Then Jesus takes some earth, the stuff we’re made of, and rubs it in the man’s eyes, as if to recreate them, and tells him to go wash in a pool of water, to be baptized as it were, and we’re told that the name of the pool, Siloam, means “sent.”

From that point, a series of remarkable things occur. The very first being that Jesus disappears from this story and the focus shifts from Jesus to the man who has now begun to see the world in a new way, for the first time. In fact, the verses that follow mark Jesus’ longest absence from the story in this gospel. Rather than continuing with the dialogue between Jesus and his disciples, the story follows a series of exchanges between the man with new sight and the temple establishment.

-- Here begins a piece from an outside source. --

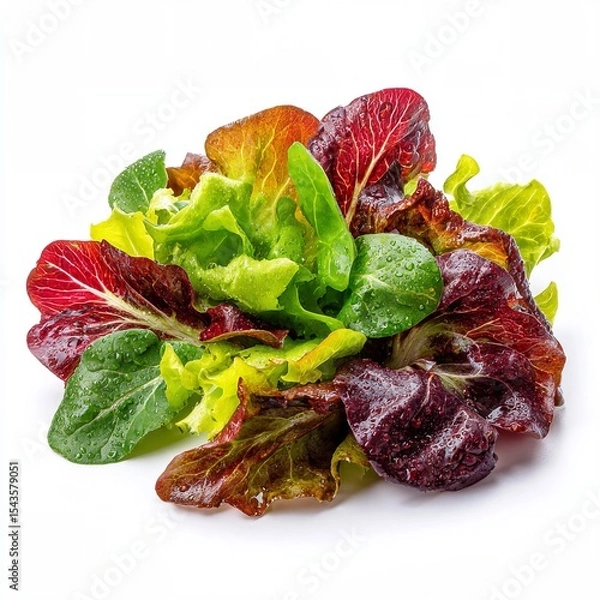 Fototapeta A vibrant mix of fresh, colorful salad leaves, ready for a healthy meal. The salad leaves showcase a variety of greens and reds, with some wet spots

blindYou can imagine that the original audience, the community for whom this gospel was composed, understood immediately what was happening here. Like the man born blind, they’d never seen Jesus. Only heard of him. Maybe they were the children or grandchildren of people who’d been alive when Jesus had walked the earth, and they grew up hearing other families in the synagogue talk about their differences as if they were sins. Maybe they’d lived their whole life among the assembly, but experienced an epiphany, a conversion they never saw coming that changed everything about how they saw the world. Whatever their particular circumstances, I feel certain that these first century Jews knew that when the storytellers talked about the man born blind, they were talking about them.

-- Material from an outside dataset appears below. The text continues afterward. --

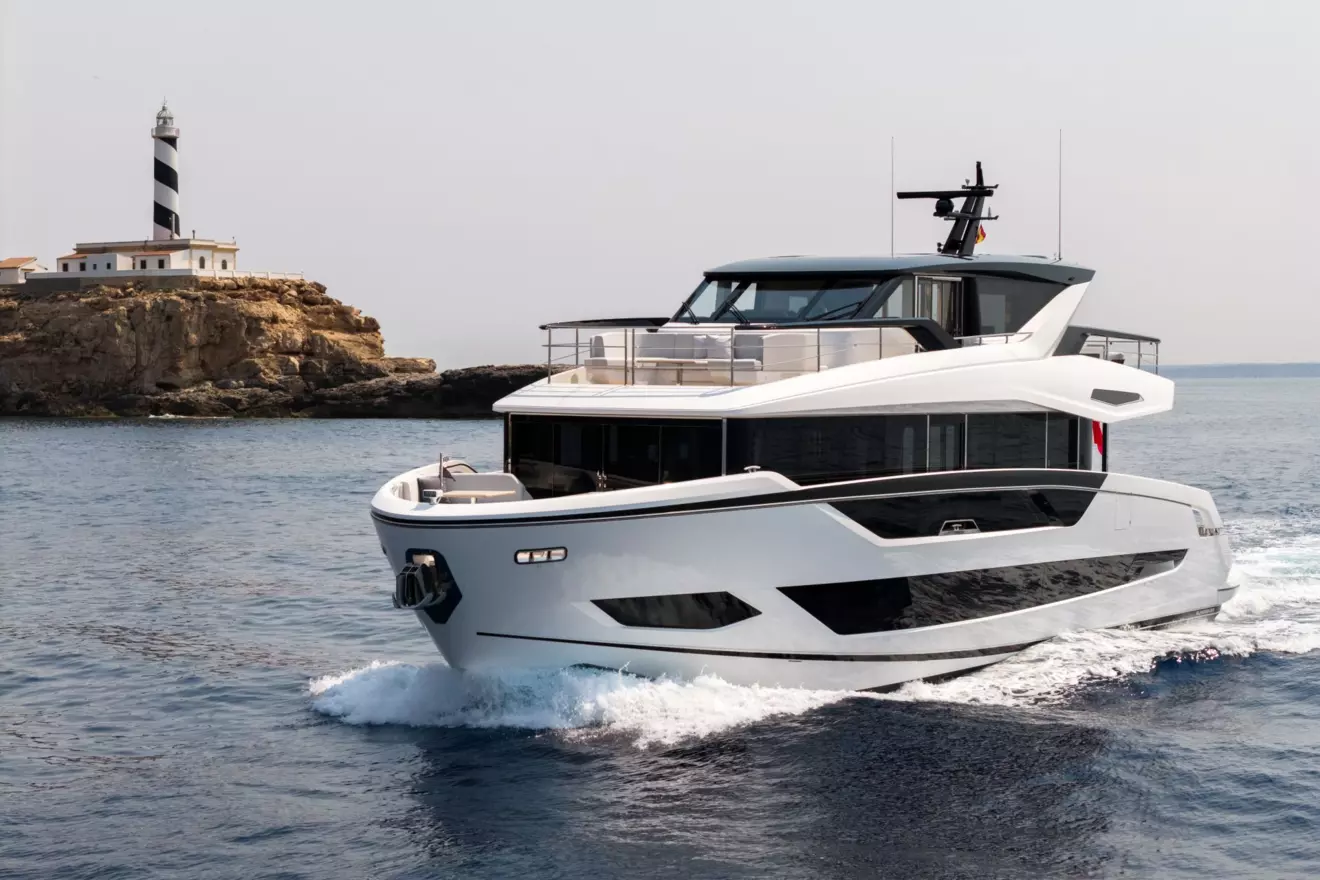 Front view of Sunseeker Ocean 82 Enclosed motor yacht cruising at sea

The next thing that’s remarkable to watch in this story is the creation, before our eyes, of an evangelist. After spending his life being treated like the subject of other people’s speculation, he begins to find his own voice. It’s tentative, at first, he’s no John the Baptist. His testimony develops and is sharpened, like all of ours, in conversation with others.

His first words are simply to assert his existence to people who’d walked by him every day, but never really saw him. Now that he is different, now that he sees the world differently, they can barely recognize him. “Is not this the man who used to sit and beg?” they ask. Just as Jesus’ disciples wanted to talk about this man, not to him, this man’s neighbors were so busy talking about him they barely heard him when he gave his first testimony: “I am the man.”

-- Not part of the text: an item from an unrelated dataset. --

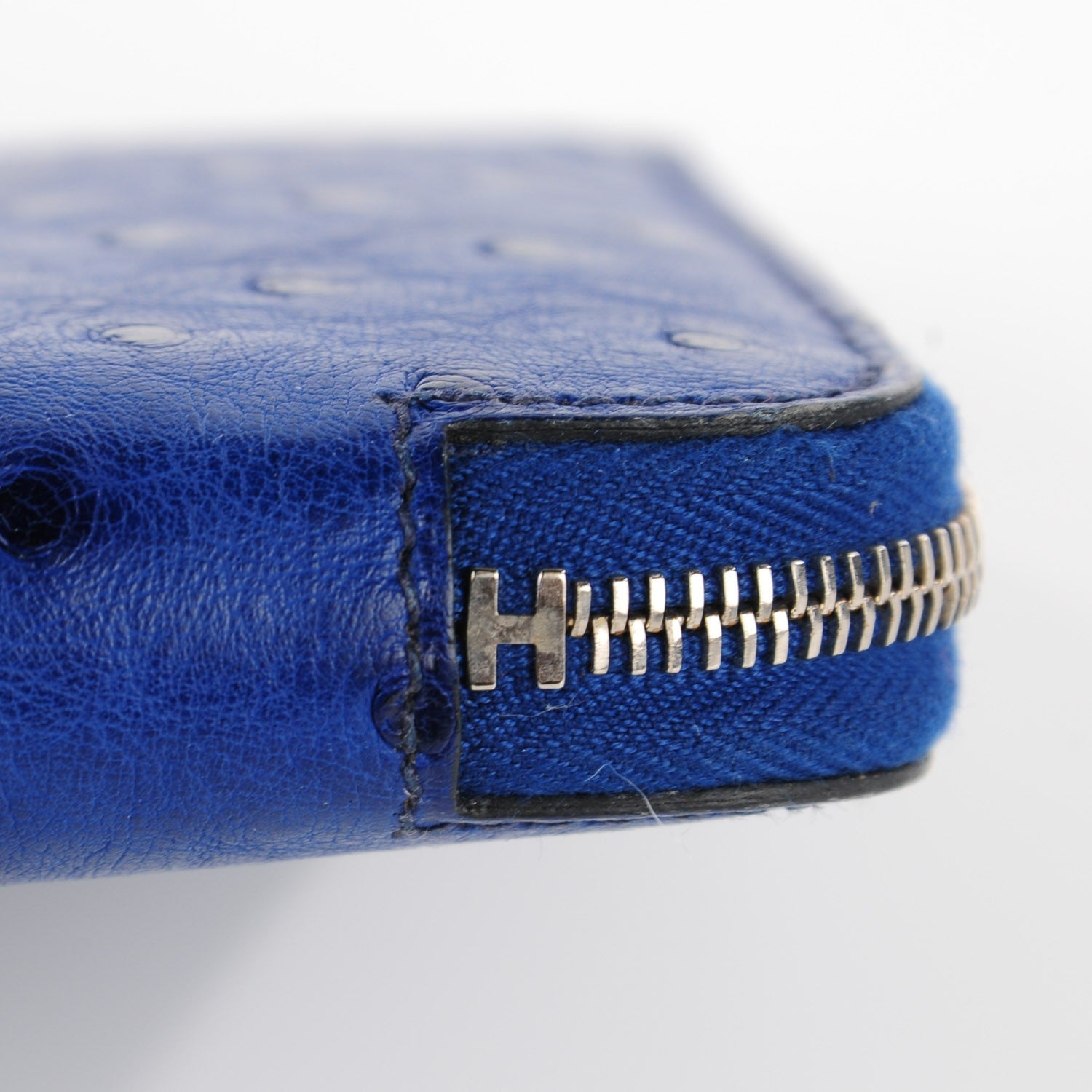 Hermes Ostrich Azap Wallet Bleu Iris 9 of 12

“I am the man,” is shorthand for so much being said. I am the man Jesus healed. I am the man you used to walk by. I am the woman you talk about, not to. I exist. I am a subject, not an object. I am one of God’s own creations. I have sacred worth. I matter.

Maybe this is your testimony as well, the word God has given you to say as a part of your own healing, and to be part of the way that God heals others. This first testimony seems so small, but is the basis for everything else we have to say: “I am the one God has made.”

His neighbors aren’t so quick to accept what he has to say however, so they finally stop ignoring him only to begin interrogating him. “How were your eyes opened?” In response, the man tells the story of his liberation. At this point he doesn’t try to explain how it happened, or to assign greater meaning to what happened. He simply reports the facts, as he experienced them, from his point of view.

This is the second testimony, the powerful story each of us can tell about the power of God at work in our lives, healing us, freeing us, saving us. These testimonies don’t require us to have all the right answers, or to be ready to defend them. They are powerful because they point to reality. “I used to be blind, now I see.” “I used to be afraid to leave, now I am ready to go.” “I used to drink myself to sleep every night, now I am ten years sober.” “I used to look at my body and hate it, now I can tell that this is a body loved by God.” “I used to think there was something irredeemably wrong with me, now I know I am loved.”

“Then I went and washed and received my sight.” (John 9:11)

Now the man’s neighbors begin to repeat the kind of conversation about sin and sinners that Jesus’ own disciples had been having when they came across the blind man. “This man is not from God, for he does not observe the sabbath. How can a man who is a sinner perform such signs?” Where the man born blind wants only to say what he has experienced in his own life, what has happened to him, the authorities want to talk about him, to try and cram his experience into a set of rules and laws they can understand. Finally, not wanting to own their own questions about Jesus, they project them onto the man with new sight: “What do you say about him? It was your eyes he opened.”

In response, the man is emboldened to go beyond simply describing what had happened to him, and his begins to make claims about what it means. “He is a prophet,” might just as well be, “He is one of us. He is a part of our community. He is the ethic beneath the laws. He is the teller of truths. He is the voice that will not be silent. He is the past and the future. He is a prophet.”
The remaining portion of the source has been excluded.